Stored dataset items

- - - - - - -

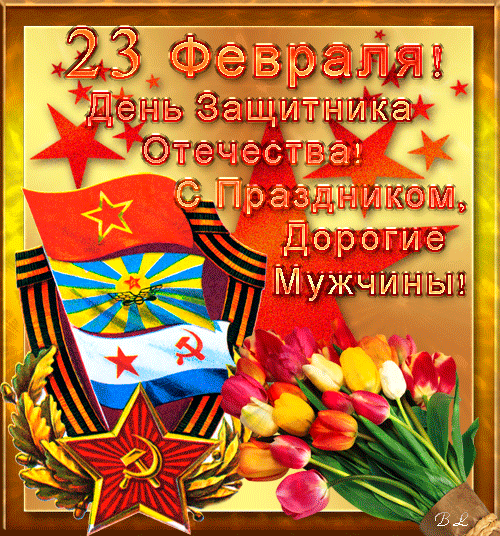 Открытки с Днем Защитника Отечества скачать бесплатно. Поздравительные открытки.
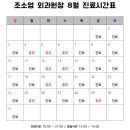 계절엔동물의료센터 미용실 네이버블로그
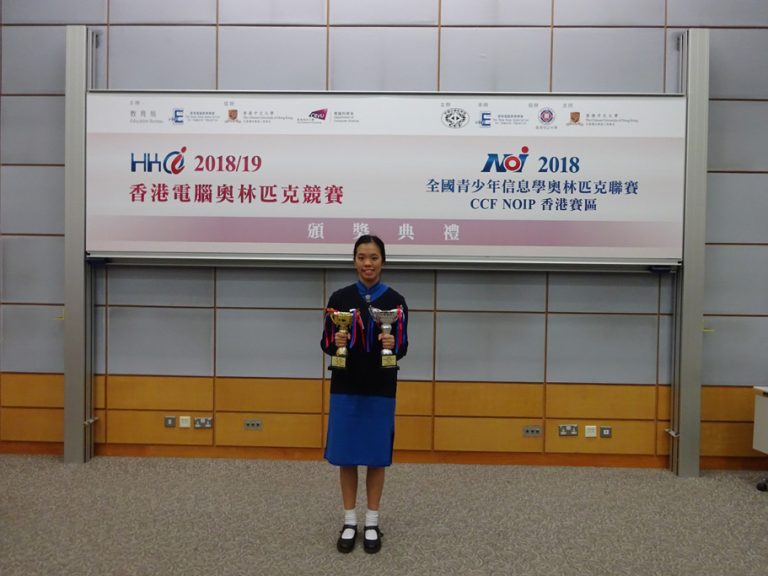 NOI 2019 – Cheng Tsz Ying (Hong Kong Team)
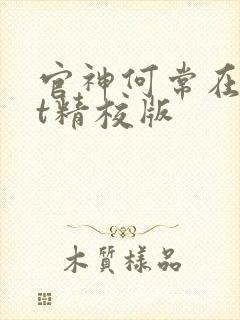 官神何常在txt精校版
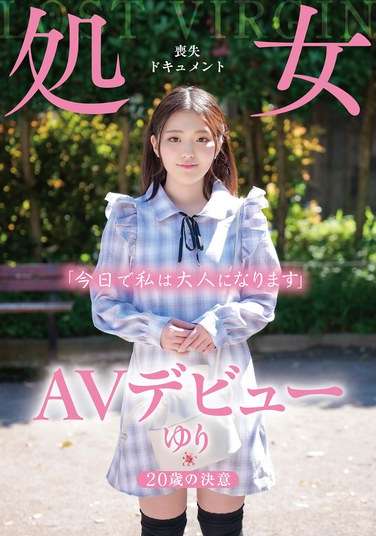  TENN-029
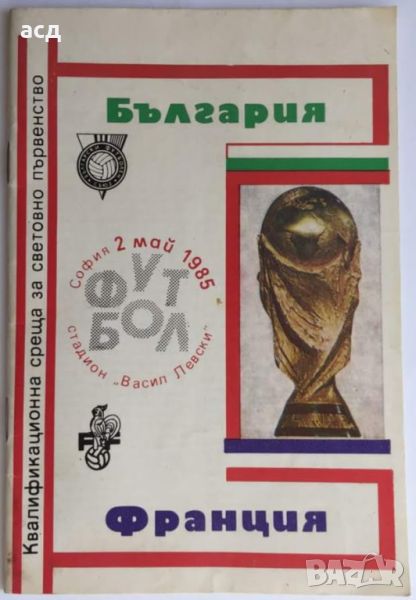 Футболна програма България - Франция 1985, снимка 1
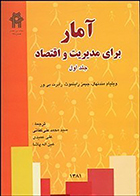 کتاب دست دوم آمار برای مدیریت و اقتصاد جلد اول ویلیام مندنهال سیدمحمدعلی کفائی - در حد نو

- - - - - - -

**EXERCISE GOAL:**
Exactly retype each record above, dropping images.

**RESPONSE TO THIS TASK:**
 Открытки с Днем Защитника Отечества скачать бесплатно. Поздравительные открытки.
 계절엔동물의료센터 미용실 네이버블로그
 NOI 2019 – Cheng Tsz Ying (Hong Kong Team)
 官神何常在txt精校版
  TENN-029
 Футболна програма България - Франция 1985, снимка 1
 کتاب دست دوم آمار برای مدیریت و اقتصاد جلد اول ویلیام مندنهال سیدمحمدعلی کفائی - در حد نو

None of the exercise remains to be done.